24.What is an incremental checkpoint? How can the amount of restart work be controlled with incremental checkpoints?
Ans: In an incremental checkpoint, no database pages are written to disk. Instead, dirty database pages are periodically written to disk in ascending age order. At checkpoint time, the log position of the oldest dirty data page is recorded to provide a starting point for recovery. The amount of restart work can be controlled by the frequency of writing dirty data pages. overhead than cache-consistent checkpoints but may require more restart work.
25.What restart work is necessary for a media failure?
Ans: The restart work for a media failure is the restoring from the most recent backup and applying the redo operator to all committed transactions.
26.What restart work is necessary for local and system failures under the immediate update approach?
Ans: In restart work for local failure under the immediate update approach, all log records of the transaction are found. The undo operation is then applied to each log record of the transaction. In restart work for system failure under the immediate update approach, both undo and redo operations may be involved because all active users are affected. T2 transactions (started before the checkpoint and finished after the checkpoint) must be redone from the checkpoint because only database changes prior to the checkpoint are stable. T3 transactions (started after the checkpoint and finished after the checkpoint) must be redone entirely because database changes are not guaranteed to be stable even though some changes may be recorded on disk. T4 and T5 transactions (not committed at the failure time) must be undone entirely because some database changes after the checkpoint may be recorded on disk
27.What restart work is necessary for local and system failures under the deferred update approach?

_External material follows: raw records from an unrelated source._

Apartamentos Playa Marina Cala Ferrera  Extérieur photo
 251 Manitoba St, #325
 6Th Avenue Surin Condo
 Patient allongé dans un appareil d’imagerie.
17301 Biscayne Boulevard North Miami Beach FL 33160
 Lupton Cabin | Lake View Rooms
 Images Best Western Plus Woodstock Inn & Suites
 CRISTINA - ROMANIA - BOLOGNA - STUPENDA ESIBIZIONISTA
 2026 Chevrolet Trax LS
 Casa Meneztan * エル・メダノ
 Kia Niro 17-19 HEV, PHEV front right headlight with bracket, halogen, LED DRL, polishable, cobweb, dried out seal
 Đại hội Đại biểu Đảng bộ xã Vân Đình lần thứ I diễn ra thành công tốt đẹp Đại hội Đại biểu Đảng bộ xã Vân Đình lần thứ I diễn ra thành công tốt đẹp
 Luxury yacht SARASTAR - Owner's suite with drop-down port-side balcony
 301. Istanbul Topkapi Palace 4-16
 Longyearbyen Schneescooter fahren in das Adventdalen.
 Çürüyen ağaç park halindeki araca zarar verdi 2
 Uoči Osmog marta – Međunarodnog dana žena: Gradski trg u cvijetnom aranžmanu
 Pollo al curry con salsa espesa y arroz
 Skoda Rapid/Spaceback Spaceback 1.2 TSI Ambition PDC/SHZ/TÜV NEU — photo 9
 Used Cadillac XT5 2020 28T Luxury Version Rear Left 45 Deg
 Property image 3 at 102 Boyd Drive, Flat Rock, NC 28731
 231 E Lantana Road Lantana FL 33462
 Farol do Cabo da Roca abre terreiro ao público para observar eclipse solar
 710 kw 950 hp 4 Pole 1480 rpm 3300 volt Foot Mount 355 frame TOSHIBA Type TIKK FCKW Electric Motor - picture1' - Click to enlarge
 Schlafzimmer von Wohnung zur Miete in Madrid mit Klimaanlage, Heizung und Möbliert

Ans: Local failures under the deferred update approach are handled without any restart work because no database changes occur until after a transaction commits; the transaction is aborted without any undo work. System failures require redo operations only. T4 and T5 transactions (not yet committed) do not require undo operations because no database changes are written to disk until after a transaction commits. T2 and T3 transactions (committed after the checkpoint) require redo operations because it is not known whether all database changes are stable. T2 transactions (started before the checkpoint) must be redone from the first log record rather than just from the checkpoint as in the immediate update approach.
28.What is a transaction boundary? Why can an inappropriate choice for transaction boundary lead to poor performance?
Ans: A transaction boundary is an important decision of transaction design in which an application in which a collection of SOL statements is divided into one or more transactions. An inappropriate choice for transaction boundary may cause the transaction duration to be longer and keep other transactions waiting, which leads to poor performance.
29.What criteria should be used in selecting a transaction boundary?
Ans: In selecting a transaction boundary, the criteria that should be used are not only the number of reads and writes to a database but also the time spent waiting for user responses. The choice of a transaction boundary should balance the duration of a transaction with the need to enforce integrity constraints during the execution of a transaction.
30.Why must constraints such as the debit–credit constraint be enforced as part of a transaction rather than between transactions?
Ans: Because constraint checking must occur by the end of a transaction. If the SQL statement to post a debit and a credit are placed in the same transaction, the DBMS can enforce the accounting constraint at the end of a transaction. If they are placed in separate/between transactions, constraint checking cannot occur until after both transactions are committed.